Tag Archives: report graphics

The Evolution of the Timeline

Seaberry designs reports, a lot of them. The purpose of these reports is often to explain the history of an organization or the effect of some important development on people's lives. Explaining those events means providing some historical context, and that context often requires a timeline.

Historically the timeline is among the most revered of visual calendar arts, dating back to before the common era (BCE).

Parian Marble (264 BCE) and A New Chart of History from Joseph Priestly’s A Chart of Biographies (1765) are among early timelines that illustrate the importance of the art in the modern era.

The oldest surviving Greek timeline, the Parian Marble (264 BCE), traced the central events in history since the accession of King Cecrops in Athens (1581 BCE) to the fall of Troy (between 1260 and 1240 BCE).

From the Renaissance in Europe (14th - 17th century) to the classical period (1750 - 1820), the art of “chronology” held a status higher than history itself.
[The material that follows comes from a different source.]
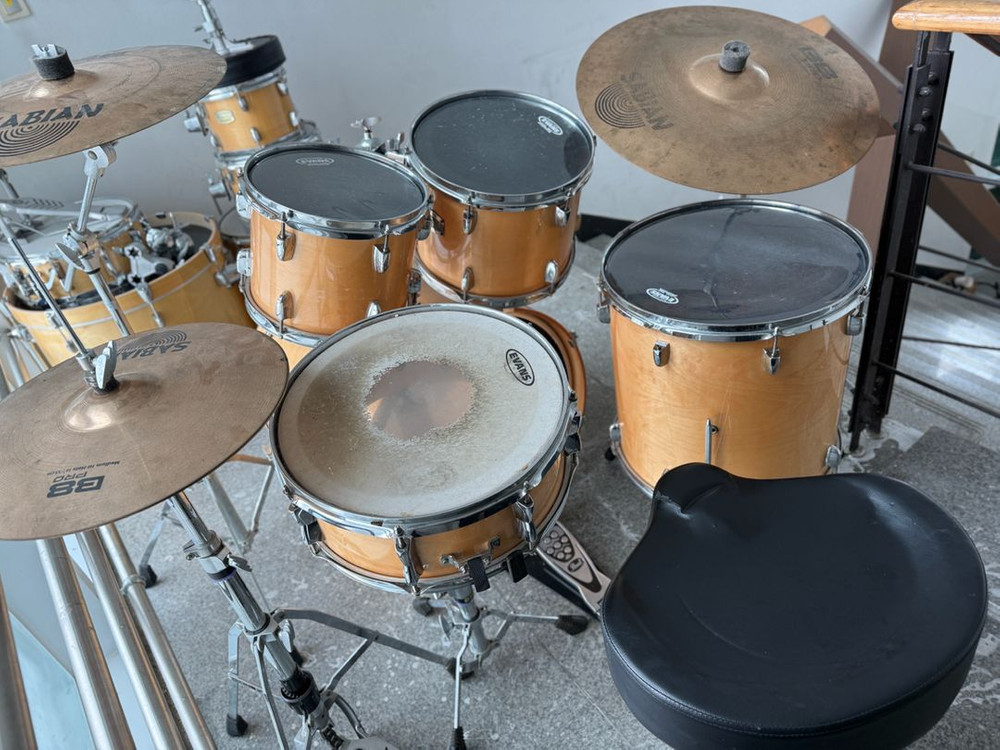 야마하 스테이지 커스텀 드럼 셋트 + 사비안 심벌 B8 이미지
Joseph Priestly’s A Chart of Biographies, published in 1765, contained the precursors to the modern timeline including the hand-colored A New Chart of History.

The Modern Era

The modern timeline has become indispensable as a tool for expressing important dates and events as well as illustrating the impact of those events on people’s lives.

Illustrating events using timelines establishes a framework that provides an objective and stable view of how those events relate to each other over time.

Timelines can be used to illustrate the evolution of company products and processes or in the case of a recent Seaberry project to establish the history of antimicrobial resistance.

Timelines can also be combined with geography to illustrate the speed of worldwide deployment or the movement of resources from one location to another locally.

The applications are almost endless. Time and time again, so to speak, timelines have proved to be a designer’s best friend.